Felizmente, eso no se ha producido aún en el resto de España, pese a los esfuerzos inusitados de Pedro Sánchez, Pablo Casado, y sus valedores tertulianos. La polarización política española, aunque basada en circunstancias sociales objetivas, es fundamentalmente fruto del comportamiento de los partidos, dispuestos casi a cualquier cosa con tal de conquistar el poder. La democracia no es un régimen que elimine los conflictos, antes bien los promueve a la busca y en defensa del interés general. Pero su fortaleza reside en la voluntad de llegar a acuerdos mediante el debate y la negociación. Ni el PSOE ni el PP parecen dispuestos a que esto suceda. El “no es no” de Sánchez ha creado escuela en Casado.
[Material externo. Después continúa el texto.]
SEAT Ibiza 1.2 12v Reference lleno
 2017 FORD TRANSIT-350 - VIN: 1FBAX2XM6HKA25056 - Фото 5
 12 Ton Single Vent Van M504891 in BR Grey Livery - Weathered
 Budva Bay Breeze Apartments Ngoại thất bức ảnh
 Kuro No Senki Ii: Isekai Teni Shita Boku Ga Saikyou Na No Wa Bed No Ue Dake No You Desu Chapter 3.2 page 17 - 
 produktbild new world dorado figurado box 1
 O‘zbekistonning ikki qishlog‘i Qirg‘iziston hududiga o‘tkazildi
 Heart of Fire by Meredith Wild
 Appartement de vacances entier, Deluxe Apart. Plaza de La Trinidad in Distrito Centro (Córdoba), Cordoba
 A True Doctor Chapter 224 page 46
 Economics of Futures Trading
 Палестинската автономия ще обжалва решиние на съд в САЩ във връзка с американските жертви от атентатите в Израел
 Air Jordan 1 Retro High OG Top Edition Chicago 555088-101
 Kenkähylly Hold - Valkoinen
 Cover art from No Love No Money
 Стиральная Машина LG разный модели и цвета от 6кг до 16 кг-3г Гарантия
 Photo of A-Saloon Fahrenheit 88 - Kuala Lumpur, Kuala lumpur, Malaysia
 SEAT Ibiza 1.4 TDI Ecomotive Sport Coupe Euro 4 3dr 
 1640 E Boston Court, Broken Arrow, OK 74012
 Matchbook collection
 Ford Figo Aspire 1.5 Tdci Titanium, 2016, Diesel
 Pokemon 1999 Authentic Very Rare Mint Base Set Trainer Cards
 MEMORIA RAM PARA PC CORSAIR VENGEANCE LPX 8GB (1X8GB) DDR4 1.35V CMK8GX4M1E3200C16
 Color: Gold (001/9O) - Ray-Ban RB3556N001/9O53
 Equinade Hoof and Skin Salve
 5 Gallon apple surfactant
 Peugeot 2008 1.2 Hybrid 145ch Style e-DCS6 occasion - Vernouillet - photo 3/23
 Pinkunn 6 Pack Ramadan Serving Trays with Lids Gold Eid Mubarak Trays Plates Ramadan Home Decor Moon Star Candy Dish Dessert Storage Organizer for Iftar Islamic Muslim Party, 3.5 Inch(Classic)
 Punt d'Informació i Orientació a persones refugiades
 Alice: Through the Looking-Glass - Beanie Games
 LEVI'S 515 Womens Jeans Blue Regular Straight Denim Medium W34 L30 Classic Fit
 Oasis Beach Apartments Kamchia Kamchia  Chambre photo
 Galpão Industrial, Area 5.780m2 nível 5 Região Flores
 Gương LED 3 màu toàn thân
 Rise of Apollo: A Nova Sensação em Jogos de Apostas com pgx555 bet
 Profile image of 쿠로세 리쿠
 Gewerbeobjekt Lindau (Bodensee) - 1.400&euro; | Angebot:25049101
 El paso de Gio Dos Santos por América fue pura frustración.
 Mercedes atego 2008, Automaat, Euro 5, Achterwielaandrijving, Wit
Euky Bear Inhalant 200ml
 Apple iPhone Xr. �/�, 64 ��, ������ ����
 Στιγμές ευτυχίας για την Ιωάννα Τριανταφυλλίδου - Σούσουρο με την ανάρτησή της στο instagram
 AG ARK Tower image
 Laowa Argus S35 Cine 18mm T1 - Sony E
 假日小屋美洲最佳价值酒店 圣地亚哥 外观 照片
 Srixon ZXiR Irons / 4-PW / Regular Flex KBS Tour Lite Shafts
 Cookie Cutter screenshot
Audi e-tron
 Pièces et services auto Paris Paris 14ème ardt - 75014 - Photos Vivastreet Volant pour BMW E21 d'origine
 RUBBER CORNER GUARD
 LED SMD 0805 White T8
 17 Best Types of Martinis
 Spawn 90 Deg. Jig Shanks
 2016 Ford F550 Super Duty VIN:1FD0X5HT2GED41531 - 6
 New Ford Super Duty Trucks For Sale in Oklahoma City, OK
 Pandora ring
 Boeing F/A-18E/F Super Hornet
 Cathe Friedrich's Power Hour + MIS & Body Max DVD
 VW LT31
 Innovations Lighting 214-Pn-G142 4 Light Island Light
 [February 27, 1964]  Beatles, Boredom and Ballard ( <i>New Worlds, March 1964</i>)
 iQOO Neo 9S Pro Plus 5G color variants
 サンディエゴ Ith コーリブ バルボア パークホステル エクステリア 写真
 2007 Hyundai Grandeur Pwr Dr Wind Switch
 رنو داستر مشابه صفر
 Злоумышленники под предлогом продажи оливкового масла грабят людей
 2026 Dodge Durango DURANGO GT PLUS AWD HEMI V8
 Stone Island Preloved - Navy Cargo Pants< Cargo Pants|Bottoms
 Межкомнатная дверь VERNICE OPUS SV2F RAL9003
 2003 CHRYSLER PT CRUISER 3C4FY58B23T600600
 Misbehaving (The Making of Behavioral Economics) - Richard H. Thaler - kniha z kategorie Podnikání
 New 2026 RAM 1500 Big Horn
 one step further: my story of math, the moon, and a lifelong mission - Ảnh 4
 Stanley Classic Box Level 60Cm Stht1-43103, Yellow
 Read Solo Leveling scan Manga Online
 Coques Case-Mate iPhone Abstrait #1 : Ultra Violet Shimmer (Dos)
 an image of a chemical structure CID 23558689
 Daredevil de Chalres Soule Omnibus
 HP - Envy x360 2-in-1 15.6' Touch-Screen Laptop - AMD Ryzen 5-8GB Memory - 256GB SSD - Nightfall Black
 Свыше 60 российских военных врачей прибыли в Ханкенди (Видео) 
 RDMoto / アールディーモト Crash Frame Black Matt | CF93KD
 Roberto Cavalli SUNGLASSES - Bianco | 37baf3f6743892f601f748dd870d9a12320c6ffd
Los manuales de ciencia política, en la medida en que la política sea una ciencia, explican que hay dos causas fundamentales para la inestabilidad de los gobiernos en las democracias: la deslealtad de la oposición y la incorporación al poder de partidos antisistema, dispuestos a ocupar el régimen para destruirlo desde dentro. No se puede decir que tengamos una oposición leal cuando sigue pendiente el acuerdo sobre el relevo en el Consejo del Poder Judicial, o cuando se niega abiertamente a votar a favor de una reforma laboral consensuada, que paradójicamente refrenda en gran medida la que el propio Partido Popular propició. Ni es leal el Gobierno a la Constitución y a su propio compromiso democrático cuando insiste en incorporar a su mayoría parlamentaria partidos abiertamente contrarios a la propia existencia del Estado, y que se jactan de su incumplimiento de las leyes sin que el poder ejecutivo central ampare las decisiones de los tribunales ni los derechos de los ciudadanos.

En esta hora de flaquezas, ambiciones y estupideces, sobresale felizmente el único pacto transversal logrado entre las organizaciones sindicales y empresariales. Encarna a la España real, la de la sociedad civil, la que emerge frente al clientelismo, el pasmo y la hipocresía de nuestros líderes. Como en Estados Unidos, la democracia en España está severamente amenazada por quienes tienen o aspiran a ejercer las máximas responsabilidades del poder. Algunos acusan ahora a Biden o a Carter de alarmistas en el diagnóstico. También acusaron a Ortega cuando avisó a los españoles meses antes del advenimiento de la República: “¡Vuestro Estado no existe! ¡Reconstruidlo!”. No hemos llegado aún a tan temibles circunstancias. Pero no tardaremos en hacerlo si no se acota el desvarío secesionista y no se renueva el pacto constitucional, con sus necesarias reformas, entre los partidos centrales.